Oncedeceived
Senior Veteran
I think it's fine to believe in the soul, but a mistake to try to back up belief with facts...this commonly leads to unscientific thinking.
Really? So if Darwin believed that evolution was the way in which nature worked, it was wrong of him to back up that belief with facts? How is that unscientific? Science moves and shakes due to the belief of men and women of something which is then supported or unsupported by facts.
It's equally likely, for example, that our instruments that detect brain activity fail to capture the actual brain activity leading to the detection.
That could be true, but then we can't really claim on the other hand that when no brain activity is present that the I in the head is shut down either. So both sides remain in the same boat.
Just because science can't presently explain something doesn't mean that the only remaining conclusion is something entirely outside the realm of science.

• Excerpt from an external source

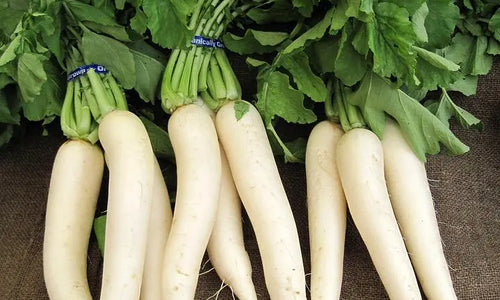 Organic Radish with Leaf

Science works on the very foundation that the same information that we all have or at least those in the same area of expertise have, can make assessments that lead to new discover due to the "I" in their heads.
People use this argument with evolution all the time. The fact that science isn't exact and that our theories are imperfect isn't evidence that the underlying assumptions of those theories are wrong, or that some otherworldly conjecture must be true.
True again, but it is true as well that theology is not perfect either and that just because we do not have all the answers does not mean that only a worldly conjecture must be true.